Basically, memory allocations might succeed even though you don't have the physical memory to back it. That allows programs to allocate more memory than they need, and only fail if they try to actually use more than is available. In that case you get a memory access violation upon accessing memory which the paging system can't find a page for. This can trigger the Out Of Memory Killer (OOM-Killer), which will use some heuristic to kill a not so important process which is hogging memory, and thus free up some space.

In such a system, don't expect to be able to catch a bad_alloc exception. There won't be one at the point of allocation, as it appears the allocation succeeded. The problem comes later when using the returned pointer.

Now that really shakes my faith in relying on being able to catch out of memory exceptions.

[lordpalandus]

You keep mentioning a lack of memory from RAM... but what about the old-school ways of getting around a lack of RAM back in the days when you had only 1 megabyte of available RAM (ie the 386).

Things like XMS, EMS, or Virtual Memory.

[Hooman]

Yes, virtual memory. It's still relevant, though thankfully the increase in memory sizes means modern systems do a whole lot less paging to/from disk. Virtual memory is very much what overcommit is about, in that you allocate sections of the virtual address space, but don't necessarily have the physical memory, nor the swap space to back it.
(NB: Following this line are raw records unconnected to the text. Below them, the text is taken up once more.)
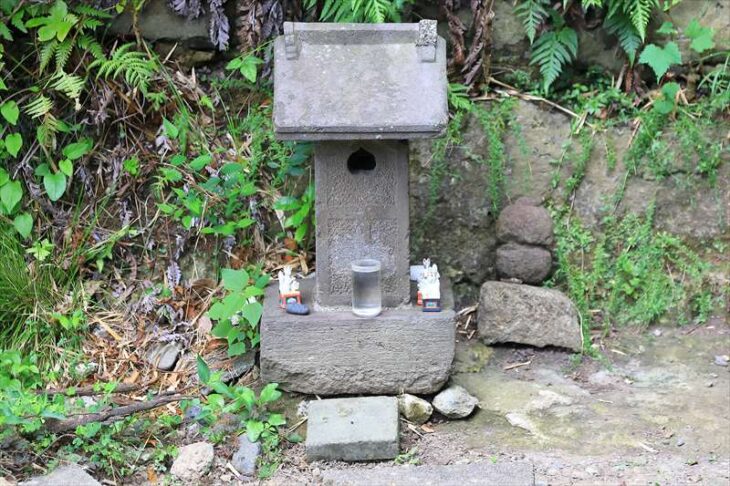 鎌倉の厳島神社の境内社の稲荷社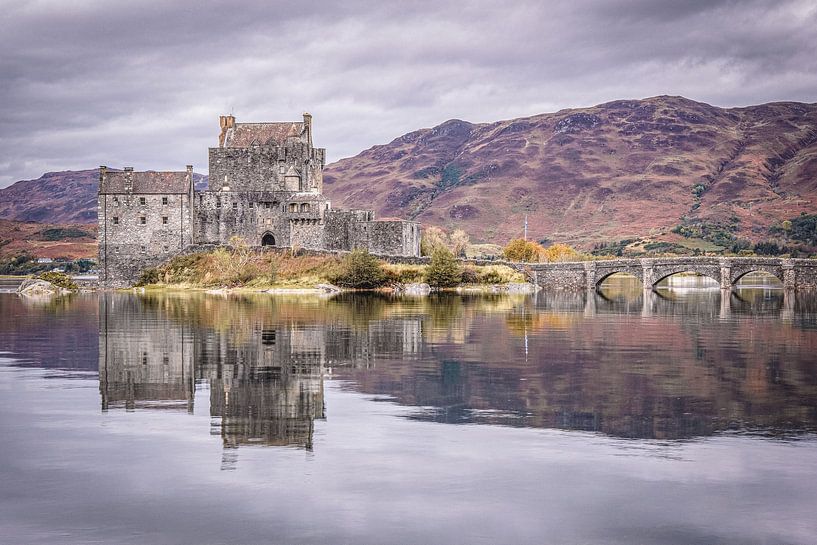 Sereen Avondlicht bij Eilean Donan Castle van Ben De Winter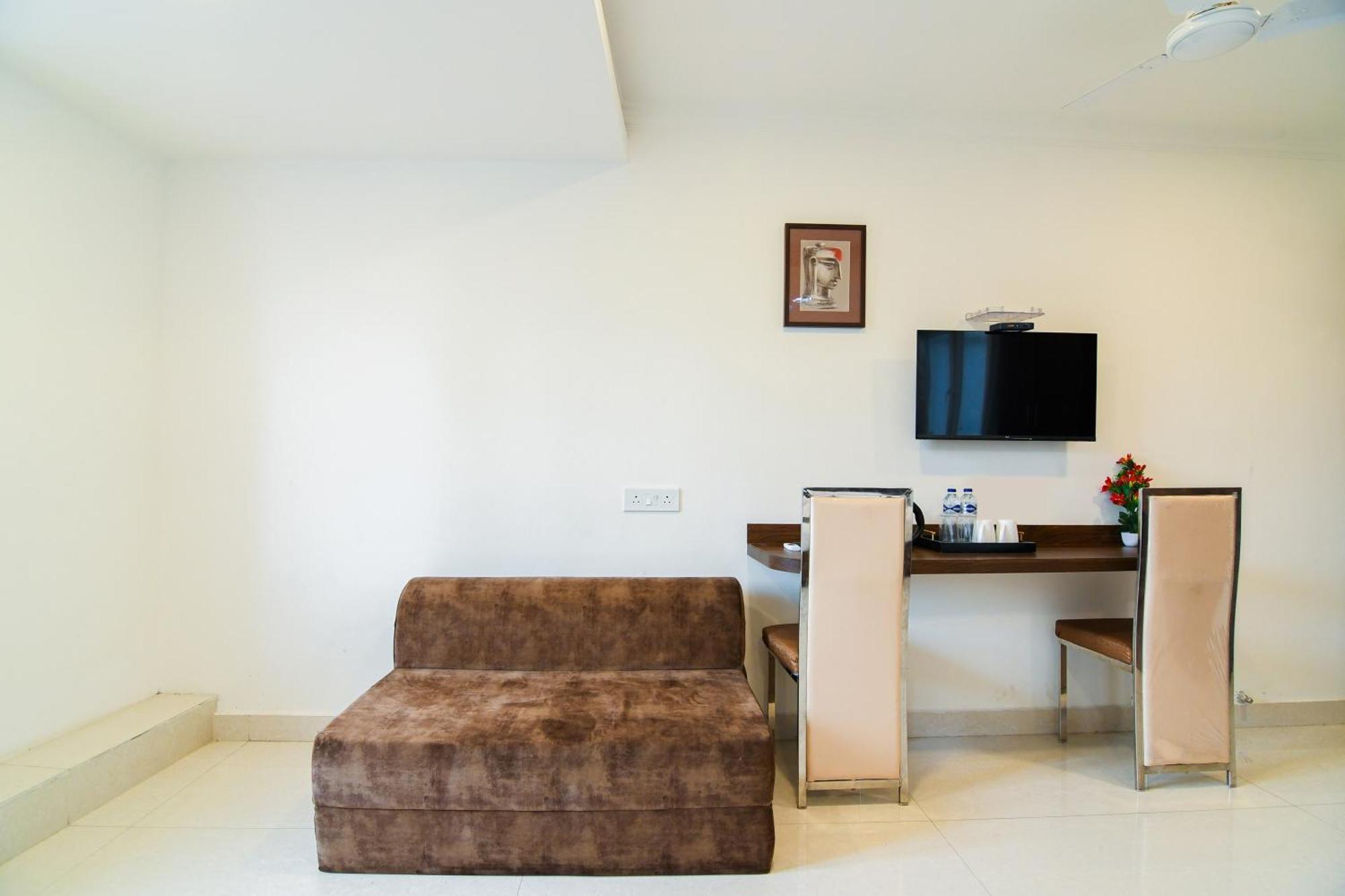 Super Hotel O Eminent Hotel Kalküta Dış mekan fotoğraf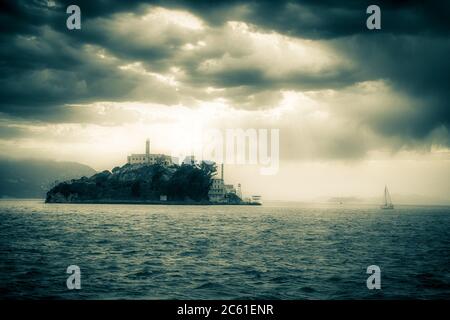 Alacatraz Island Prison in San Francisco Bay an einem nebligen Abend Stockfoto
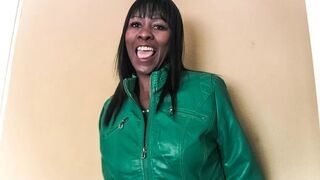 Fekete milf hamis állásinterjú fehér farokkal szétbaszva és arcra élvezés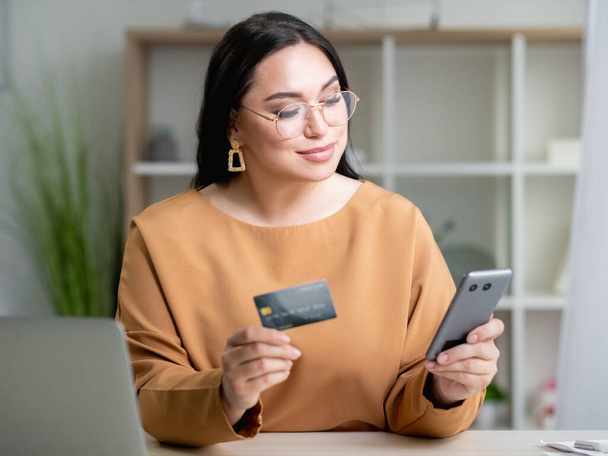 bank payment business woman online shopping - Fotografie, Obrázek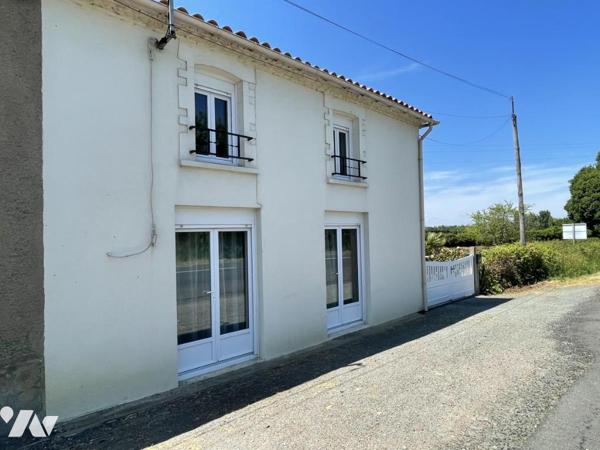 Maison d'habitation offrant environ 110 m² habitables sur un terrain de 1251 m².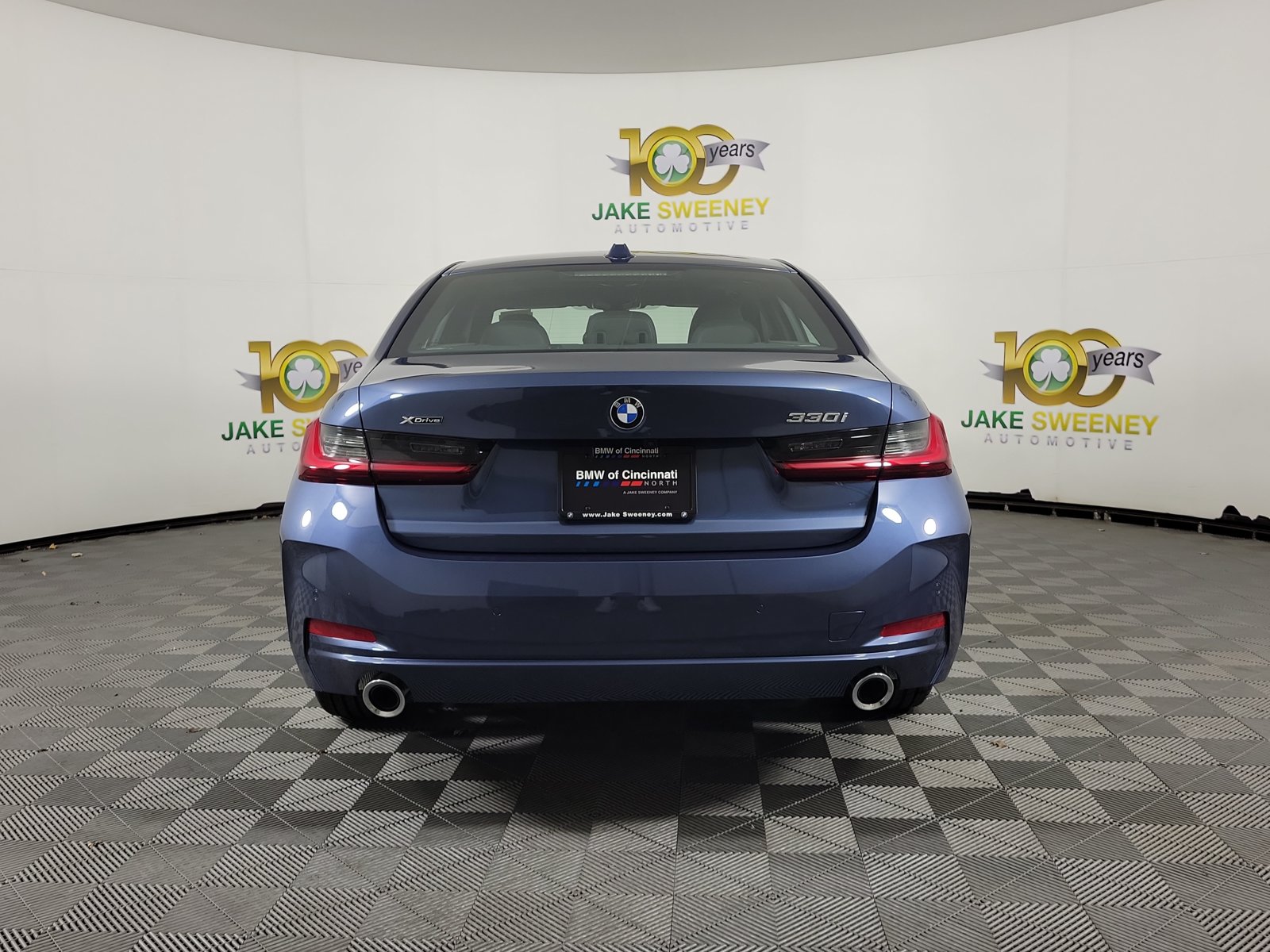 2026 BMW 3 Series 330i - Photo 6
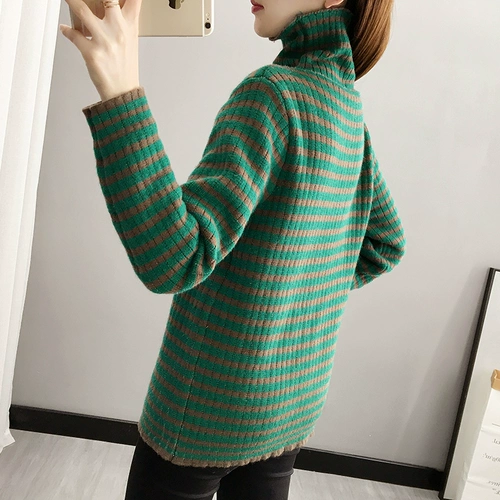 Весенний трикотажный приятный телу утепленный свитер, в корейском стиле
As a side note, page faults and memory access violations are processor level "exceptions". These are different from C++ language level exceptions. The processor level exceptions don't generally map to language level exceptions. For page faults, the virtual memory system handles it by swapping pages around to/from disk, and the program never even knows about it. For an access violation, an OS handler generally kicks in and terminates the program. If you're getting access violations, there's a good chance program memory is already corrupted, so it may not be safe to try and recover from it.


Language level exceptions are more about keeping the main flow of logic clean of messy error handling code. Combined with things like the RAII (Resource Acquisition Is Initialization) idiom, they also help ensure proper cleanup when errors happen, so the program doesn't leak memory or other resources. It does this through the exception handling mechanism that ensures necessary destructors are called, and does all the tracking and bookkeeping for you behind the scenes.